Kondisi demikian, menurut Firman juga selaras dengan mayoritas pekerja Kalsel yang 44,5 persen hanya berlatar pendidikan tidak tamat dan hanya tamatan SD. Minimnya keterampilan memungkinan perusahaan merekrut pekerja dari daerah lain.
Solusi Firman, RPJMD Kalsel 2021-2026 harus benar-benar konsen untuk mengembangkan sumber daya manusia (SDM) melalui sinkronisasi program pendidikan dan ketenagakerjaan.
Sektor pertambangan dan penggalian dalam aktivitasnya tidak hanya membutuhkan tenaga teknis pertambangan, namun melibatkan pula berbagai keahlian.
Karena tidak hanya terkait pertambangan dan penggalian, RPJMD harus mewadahi dan mendorong proyeksi kebutuhan tenaga kerja ke depan berdasar kondisi sosial ekonomi, pengembangan kewilayahan, perkembangan teknologi dan trend lokal maupun global.
Menurutnya, perlu percepatan harmonisasi kurikulum pendidikan, baik formal maupun non-formal dengan kebutuhan pasar kerja.
“Untuk mempercepatnya kalau perlu gubernur sendiri yang pegang komando mempertemukan dunia pendidikan dan dunia usaha untuk menyusun langkah konkret bersama, dengan kontribusi yang nyata masing-masing pihak,” lanjutnya.
“Kalau RPJMD mewadahi, maka tentu sumber daya pemerintah provinsi (Pemprov) Kalsel termasuk anggaran dapat didorong untuk mendukung langkah tersebut,” katanya.
Apa yang dikatakan Firman selaras dengan temuan Jaringan Advokasi Tambang (Jatam).
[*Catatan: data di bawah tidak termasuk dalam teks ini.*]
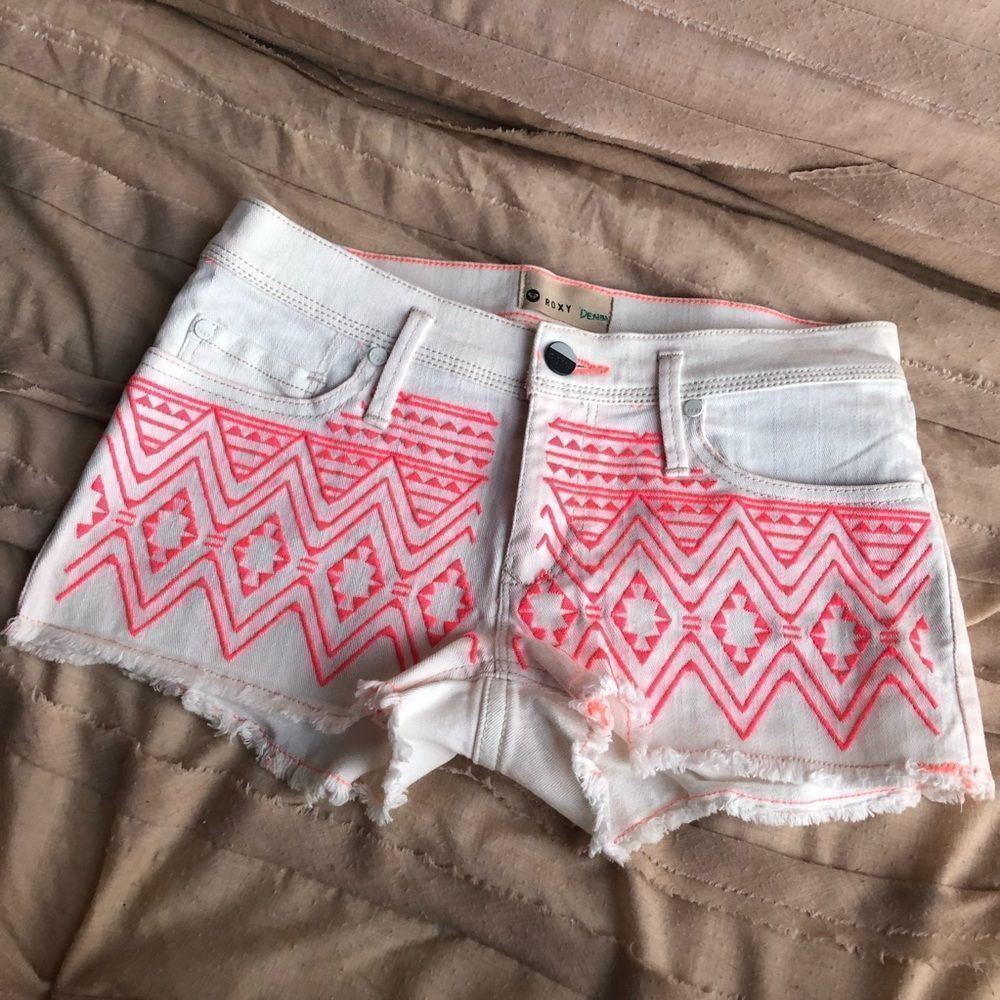 Roxy Aztec White Denim Shorts with Pink stitching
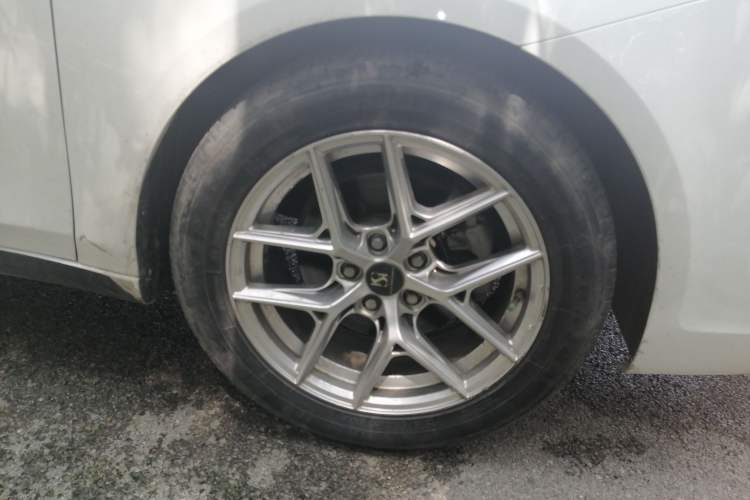 Used Roewe i6 MAX 2020 300TGI Automatic "Swell Cool Smart Drive" Edition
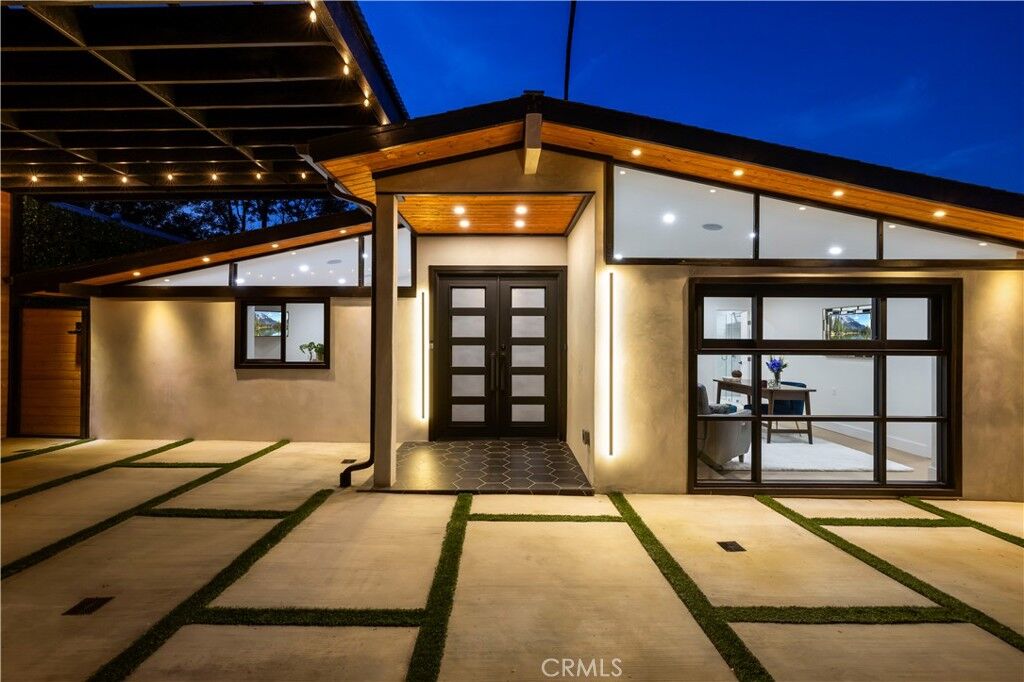 Property Photo: 22263 Flanco CA 91364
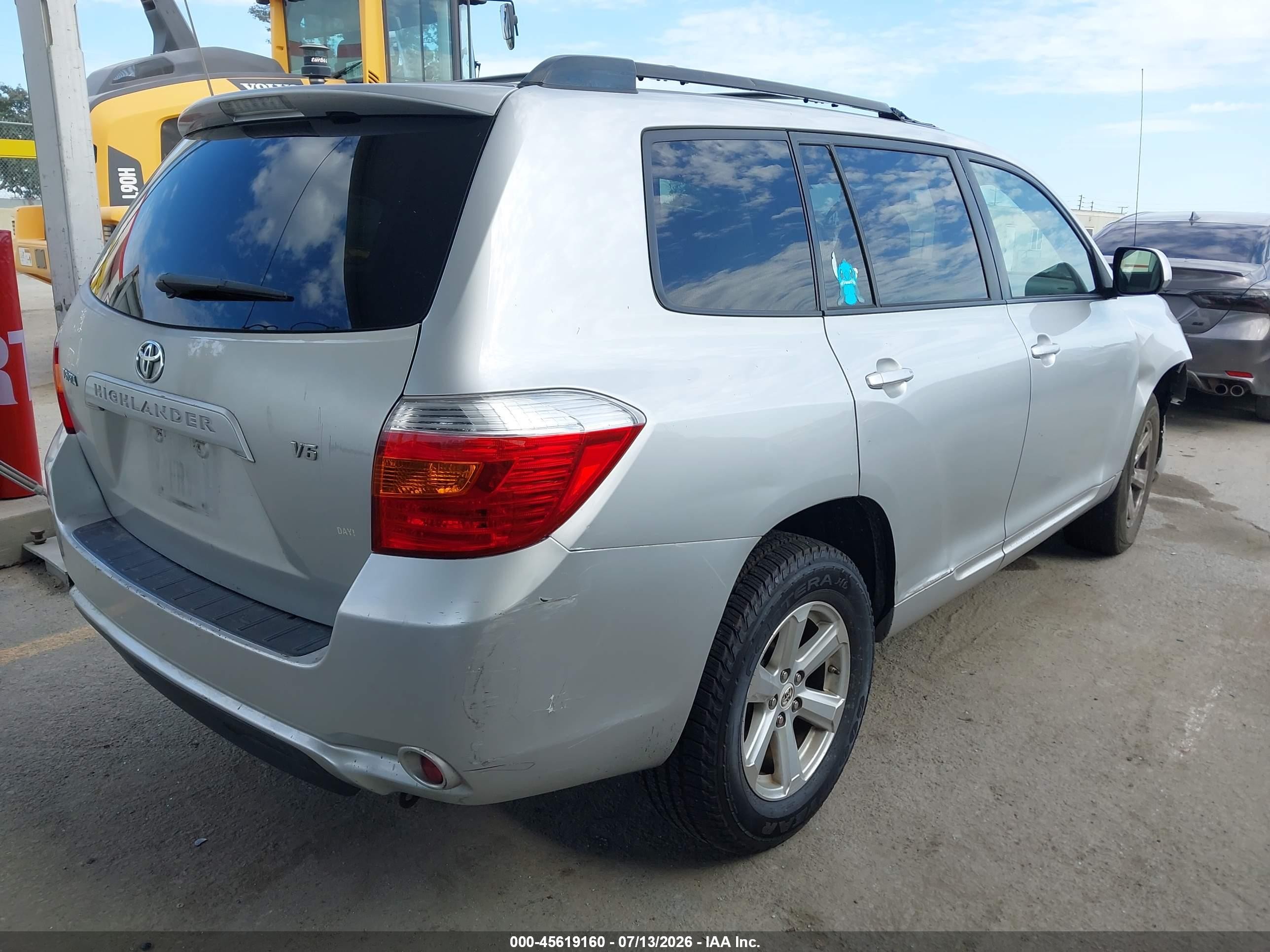 2008 Toyota Highlander   Silver vin: JTEDS41A382067827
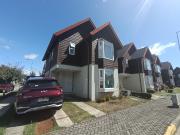 ARRIENDO EXCELENTE PROPIEDAD EN CONDOMINIO TOROBAYO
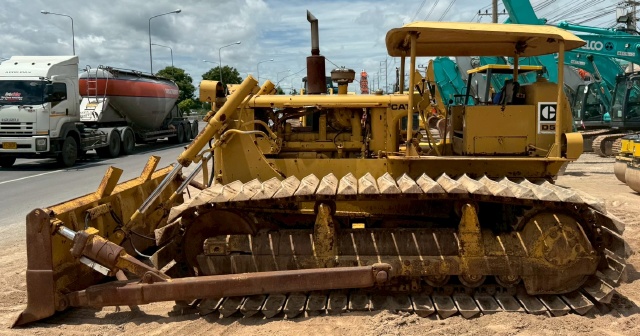 ขายรถดันดิน CAT D5 พร้อมใช้ มีVDOการทำงานครับ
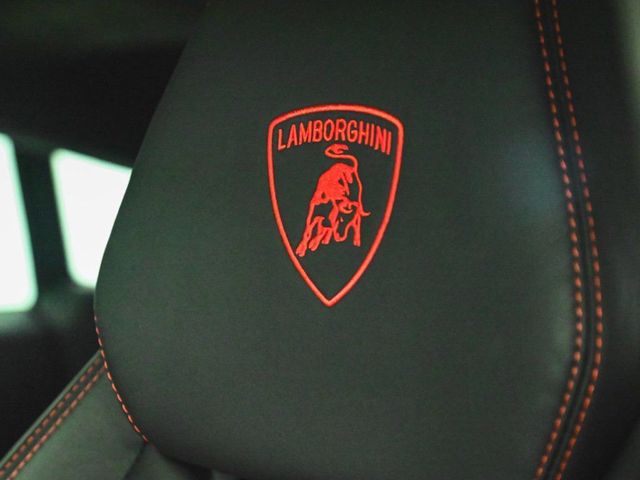 2020 Lamborghini Urus Base - 23007344 - 36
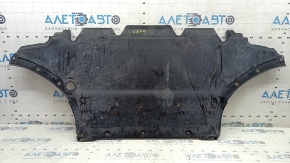 Защита двигателя Audi A4 B8 13-16 надрывы, трещины, затерта, нет фрагмента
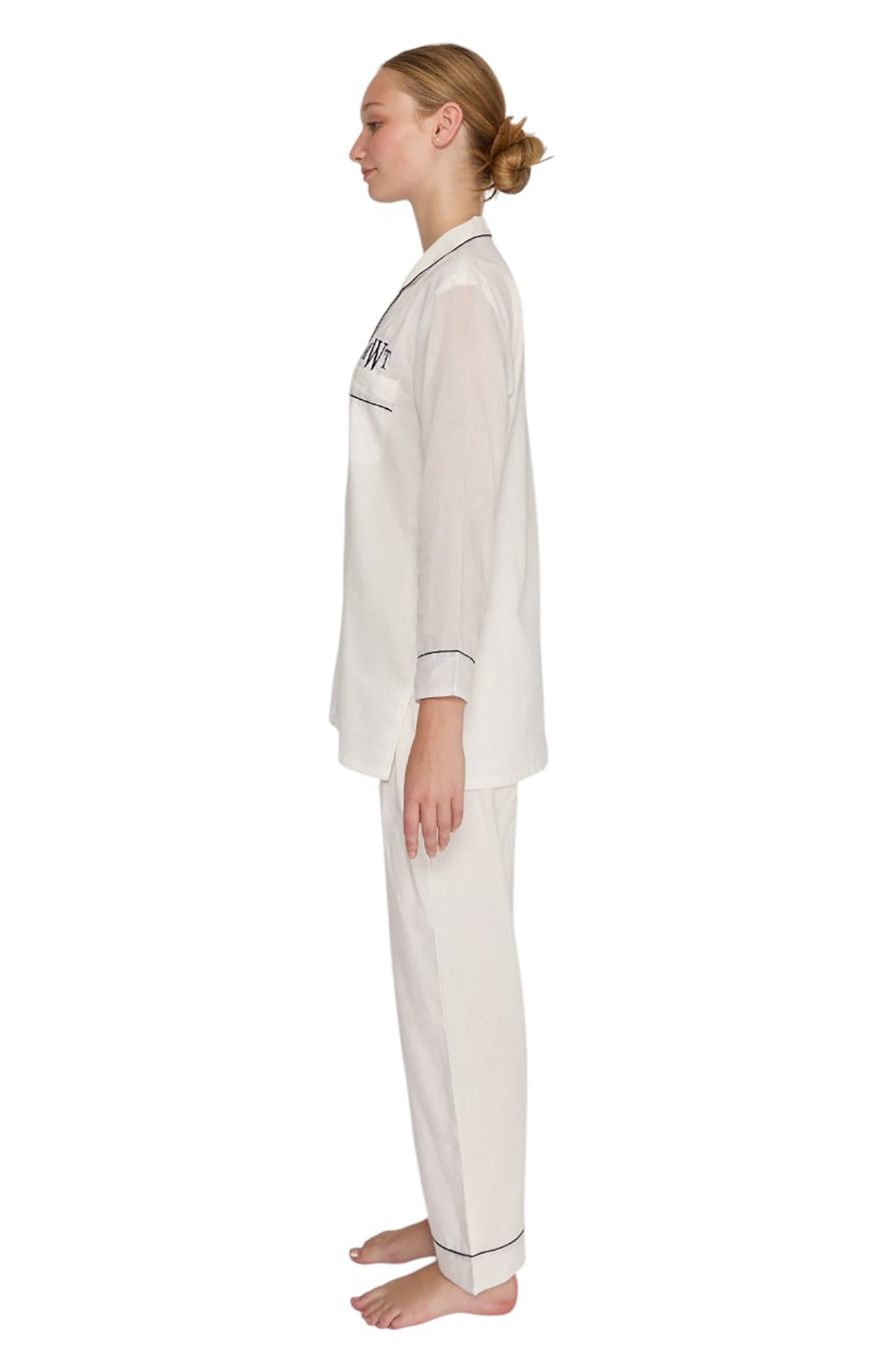 PIJAMA CLASSIC WHITE Mónica Watanabe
Di Kutai Kartanegara, misalnya, kabupaten dengan izin tambang terbanyak 625 IUP se-Kaltim bahkan seluruh Indonesia, ironisnya jumlah penduduk miskinnya paling terbanyak dibanding daerah lain di Kaltim.
Riset Jatam menunjukkan 80 persen dari seluruh wilayah tambang di Indonesia berisiko terhadap ketahanan pangan dan berujung pada kemiskinan.
Musababnya, area bekas tambang merusak kondisi lahan, mengontaminasi air, dan kandungan air dalam tanah.
Tambang dianggap merusak potensi lahan untuk bercocok tanam. Nelayan dan petani kehilangan produktivitas hingga 50 persen untuk padi dan 80 persen untuk ikan.
Dari 34 provinsi dengan izin usaha tambang, tiga provinsi dengan konsesi dan luas wilayah terbanyak adalah Sumatera Selatan (Sumsel). Kalsel sendiri masih berada di atas Kaltim.
Aktivis Jatam Kaltim, Pradharma Rupang menepis anggapan bahwa wilayah dengan tambang batu bara yang luas menjadi jaminan kesejahteraan bagi penduduknya.
“Bukan jaminan. Sejahtera dari ekonomi tambang hanyalah mitos,” ujar Rupang kepada bakabar.com.